### PROBLEM TO WORK ON
Below are the entries. Print only the lines starting at the one with "May include: A" and ending at the one with "carpeted bedroom featuring", exactly, with no pictures.

### INPUT FOR THIS TASK
┌──

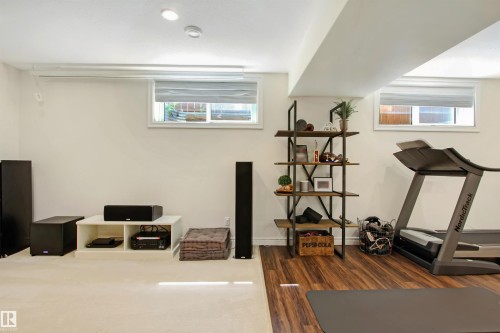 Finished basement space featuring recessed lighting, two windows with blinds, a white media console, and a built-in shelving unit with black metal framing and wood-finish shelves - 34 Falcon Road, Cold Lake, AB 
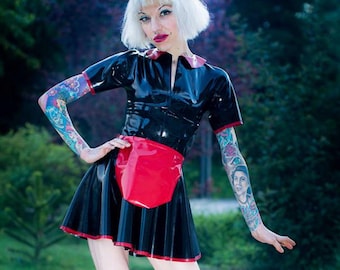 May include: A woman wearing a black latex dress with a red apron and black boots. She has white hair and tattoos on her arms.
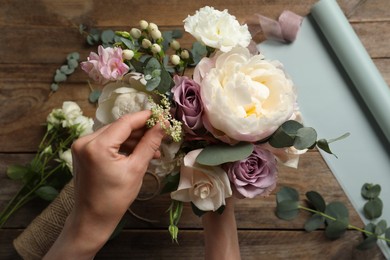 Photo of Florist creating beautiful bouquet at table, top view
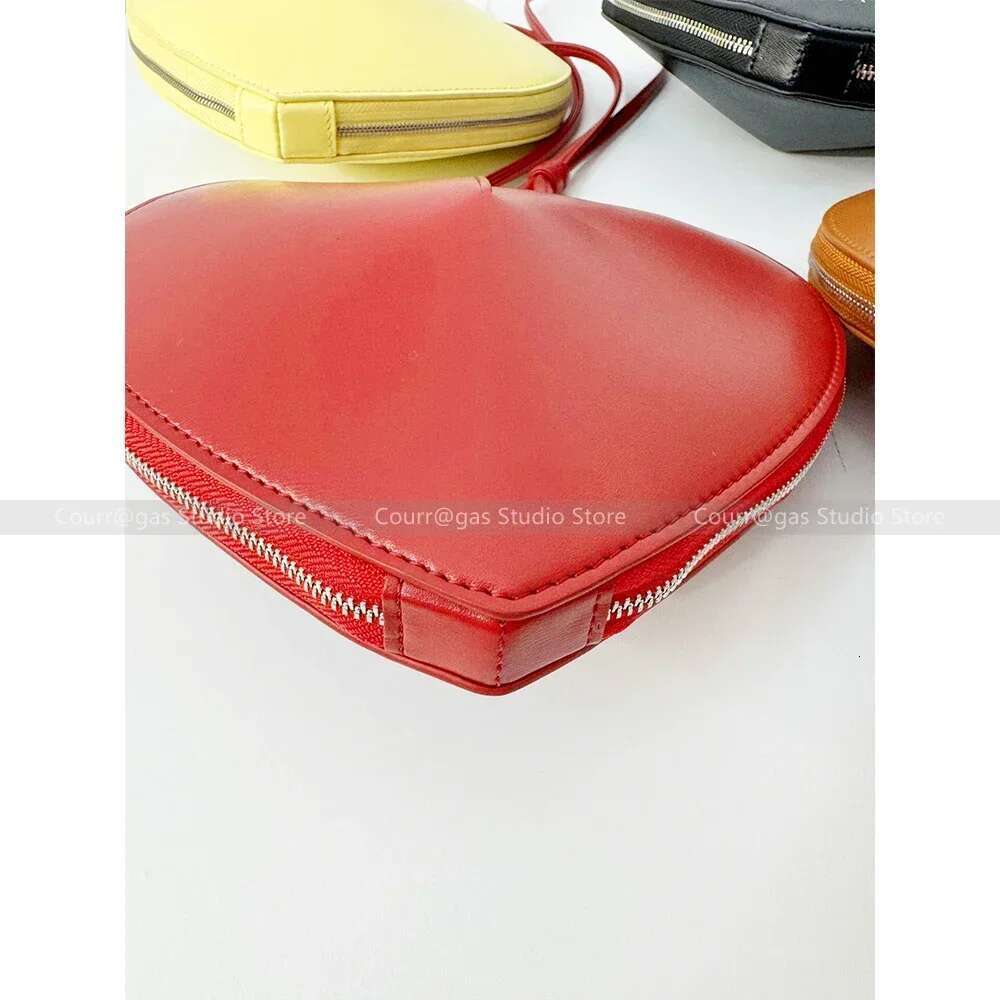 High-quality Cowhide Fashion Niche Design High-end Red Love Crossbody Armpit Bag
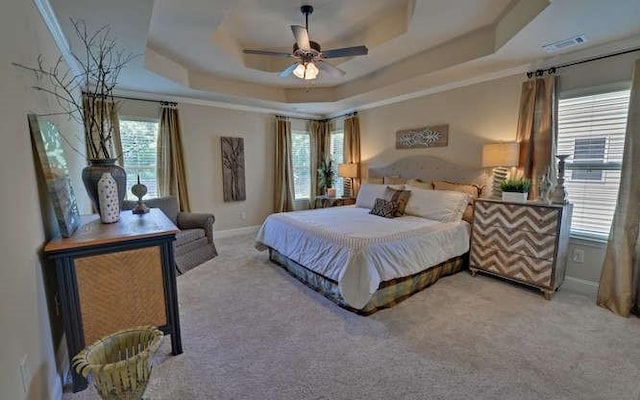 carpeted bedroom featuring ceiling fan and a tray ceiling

└──
┌──

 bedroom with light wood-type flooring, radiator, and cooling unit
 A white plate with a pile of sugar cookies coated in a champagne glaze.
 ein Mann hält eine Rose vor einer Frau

└──

### SOLVED PROBLEM
 May include: A woman wearing a black latex dress with a red apron and black boots. She has white hair and tattoos on her arms.
 Photo of Florist creating beautiful bouquet at table, top view
 High-quality Cowhide Fashion Niche Design High-end Red Love Crossbody Armpit Bag
 carpeted bedroom featuring ceiling fan and a tray ceiling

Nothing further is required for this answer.